CATEGORY : ブランディング用語集

UPDATE : 2018.10.23

文責 : 一筆太郎

イングリーディエント・ブランディングは、成分ブランディングや要素ブランディングなどと訳される。また、インブランディング(InBranding)と略称されたりもする。

インブランディングは、歴史の長いマーケティング・コンセプトの一つである。20世紀前半、化学メーカーとして成功したヘキストとビーエーエスエフはインダンスレンという染料とホスタレンという合成物質を独立したブランドとして市場に提供した。しかし、インブランディングは、なんと言っても80年代に現れた「インテル・インサイド」キャンペーンの成功によって明らかになったとされる。

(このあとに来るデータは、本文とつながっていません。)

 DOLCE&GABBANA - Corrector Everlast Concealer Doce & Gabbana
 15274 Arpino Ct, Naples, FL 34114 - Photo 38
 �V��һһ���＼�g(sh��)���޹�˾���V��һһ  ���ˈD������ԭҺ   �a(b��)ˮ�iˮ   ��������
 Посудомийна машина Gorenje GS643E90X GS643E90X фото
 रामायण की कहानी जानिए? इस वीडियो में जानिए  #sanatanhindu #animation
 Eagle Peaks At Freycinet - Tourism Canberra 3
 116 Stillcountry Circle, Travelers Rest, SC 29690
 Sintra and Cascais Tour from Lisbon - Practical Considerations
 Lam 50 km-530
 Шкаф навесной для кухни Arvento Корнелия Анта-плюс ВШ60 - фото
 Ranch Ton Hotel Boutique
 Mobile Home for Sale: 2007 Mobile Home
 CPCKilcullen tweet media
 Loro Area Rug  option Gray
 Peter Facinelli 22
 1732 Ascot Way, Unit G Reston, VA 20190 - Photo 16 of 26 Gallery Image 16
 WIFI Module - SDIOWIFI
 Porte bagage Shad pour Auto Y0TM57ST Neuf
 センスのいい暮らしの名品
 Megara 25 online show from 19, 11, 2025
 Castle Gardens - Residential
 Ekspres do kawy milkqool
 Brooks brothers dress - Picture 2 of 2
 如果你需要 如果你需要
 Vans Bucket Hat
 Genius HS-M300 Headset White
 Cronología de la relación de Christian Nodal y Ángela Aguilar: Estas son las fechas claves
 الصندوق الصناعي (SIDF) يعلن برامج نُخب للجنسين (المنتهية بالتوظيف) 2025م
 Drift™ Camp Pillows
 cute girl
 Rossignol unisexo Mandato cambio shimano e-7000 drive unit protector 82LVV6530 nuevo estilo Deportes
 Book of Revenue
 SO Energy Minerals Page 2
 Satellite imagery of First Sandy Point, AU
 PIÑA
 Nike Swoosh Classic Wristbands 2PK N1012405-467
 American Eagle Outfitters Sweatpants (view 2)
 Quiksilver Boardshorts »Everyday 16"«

インテルの他にも、ゴアテックスやドルビーなどインブランディングを代表するブランドが存在する。

これらに共通するのは、
・当該部品または成分が十分に差別化されていて、消費者にとって持続的な価値を生み出していなければならないこと。
・当該部品または成分が最終製品の機能にとって中核的役割をしていること。
・川下の工程にある企業も部品メーカーによってなされるインブランディングへの取り組みを支援すること。
・最終製品それ自身も高いブランド価値を求め、その製品提供において差別化を可能にすること。
などが挙げられる。

シマノはインブランディングを成功させた世界を代表ブランドだ。シマノは堺の町工場から自転車界のインテルと呼ばれるまでに急速な成長を遂げた。シマノは70%のマーケットシェアを誇る自転車部品の一流ブランドである。1921年に島野庄三郎が大阪、堺市に創設。堺は鍛冶屋の中心だった。庄三郎は鉄工所の見習いとなり、自身の会社をスタートさせた。当初はホイールをつくっていたが、1956年に変速機の生産をはじめた。10段ギアの変速を可能にするシステムは、さらに改良されアメリカですぐにスタンダードとなる。市場での力を増しながらもシマノは自転車本体をつくらなかった。「決して顧客と競合してはならない」というのが創業者が伝えていた言葉だという。このおかげで、シマノはインブランディングで大きな成功を収めた。